4 Responses

  1. Lauren
    Lauren December 15, 2008 at 8:56 pm | | Reply

    This is a disease of SELF-management. Most endocrinologists have no clue what it’s like to deal with this day in and day out; all of the advice I’ve received from my doctor has been nothing more than common sense. He offers such gems as “don’t drink juice, drink Crystal Light.” What exactly does an endocrinologist do for type 1 diabetics? I am not sure.

    Also, I say this as a future physician myself: if a doctor does something that bothers you or pisses you off, tell him/her. I’d want to know. Doctors need to be sensitive to their patients’ situations. And if you choose to end the doctor/patient relationship, tell the doctor why you’re leaving their practice.

  2. Dina
    Dina December 21, 2008 at 10:07 am | | Reply

    I am struggling to find a new endo and it’s not for lack of trying. I just moved from New York to Napa and there are exactly THREE choices in the area. One is semi-retired, one is not far from retiring, the third is almost oustide of the valley. I’ve been told I should travel to Marin or San Francisco – which I don’t mind doing for a great doctor. But it’s been years since I’ve had to look for a new endo and I am frustrated how long it has taken (i’ve been here 4 months now) and don’t know where to go from here.

  3. xim1970
    xim1970 December 21, 2008 at 10:30 pm | | Reply

    @Lauren
    “This is a disease of SELF-management. Most endocrinologists have no clue what it’s like to deal with this day in and day out; all of the advice I’ve received from my doctor has been nothing more than common sense. He offers such gems as “don’t drink juice, drink Crystal Light.” What exactly does an endocrinologist do for type 1 diabetics? I am not sure.”

    I would agree with everything you’ve said. I’ve felt this way about almost all doctors I’ve dealt with over the last 28 years. I do have a pretty good doctor now, but he still doesn’t understand most of the things that we as diabetics go through. With the holidays coming up, and wine and champagne being prevalent, he would say, “Just don’t partake in those activities”, which of course makes sense, but there is no understanding of social pressures…granted, I’m prone to a bit of drinking, but there is no offering of a solution to “ok, but what if I do…”, it is mostly met with scorn, which feels like (but is not said), “well, it is bad for your eyes, liver, kidneys, health”, rather than what I believe should be said “moderation…no more than two, and watch your blood sugars”.

    “Also, I say this as a future physician myself: if a doctor does something that bothers you or pisses you off, tell him/her. I’d want to know. Doctors need to be sensitive to their patients’ situations. And if you choose to end the doctor/patient relationship, tell the doctor why you’re leaving their practice.”

    I think you will make an excellent physician, but I would encourage you to focus on diabetes and endocrinology! I have always wanted a physician who would understand exactly what it is that we, as diabetics, go through, whether Type I or Type II! You would do us all, including yourself, a great service!

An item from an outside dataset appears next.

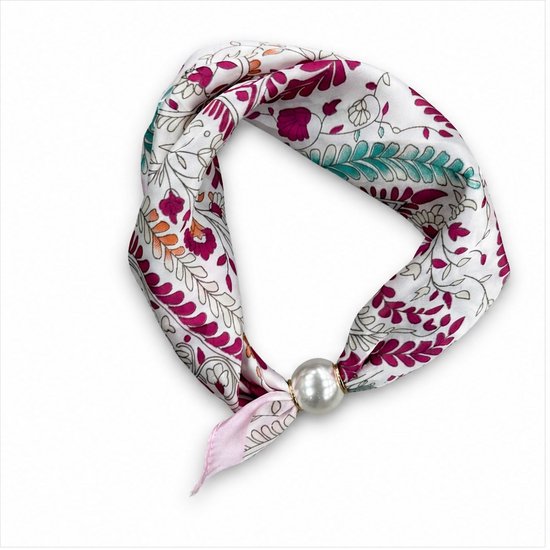 HS Parelsjaal - Meerdere Prints - Wit Roze Bloemenprint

    Thank you for your input!!!
    Mike C

  4. Trish
    Trish July 20, 2010 at 2:21 pm | | Reply

    I have found that shopping around is definitely the thing to do. My company changed insurance plans and the dr. I was seeing for the last 11 years was not in network. Leading to very high deductible and 60/40 coverage. I asked my dr. if he suggest some to try from their list. However docs are not supposed to do that. I choose one, I saw him for a whole year and each visit lasted if I was lucky 10 minutes. He’d review my logs that were down loaded including from my pump. He’d basically in the year made one change to my bolus rates and that was it. My logs, showed huge swings. No tests were done other than A1c, eventhough I requested them. I changed to a doc that someone at church recommended. When I saw her, they did a finger stick for A1c and that was it. She asked me a few questions and asked if I had any for her. I said yes, “Do you treat diabetes individually or look at the whole picture (everything in the body) and she responded that endos treat the disease and your general practitioner treats the whole body. I made a follow up appt for 6 months. Went home and told my husband I didn’t think I could find someone in network that would allow me to meet my goals. To die with all my body parts, my sight and not be on dialysis. I felt my health had already deteriorated since I last saw Dr. Rosen and that if I wanted to have a decent quality of life and stay out of the hospital I needed to return to Dr. Rosen. I have and the quality of care is excellent. He cares about you as a human being and does not like to see anyone looking sick. I have just now gotten the pendulum to stop swinging. But I have had close contact with Dr. Rosen and he always studies all your logs.downloads and makes changes based on them. He works closely with my other providers, and always makes sure that what no matter what is transpiring your diabetes and his office let me work out a payment plan with them.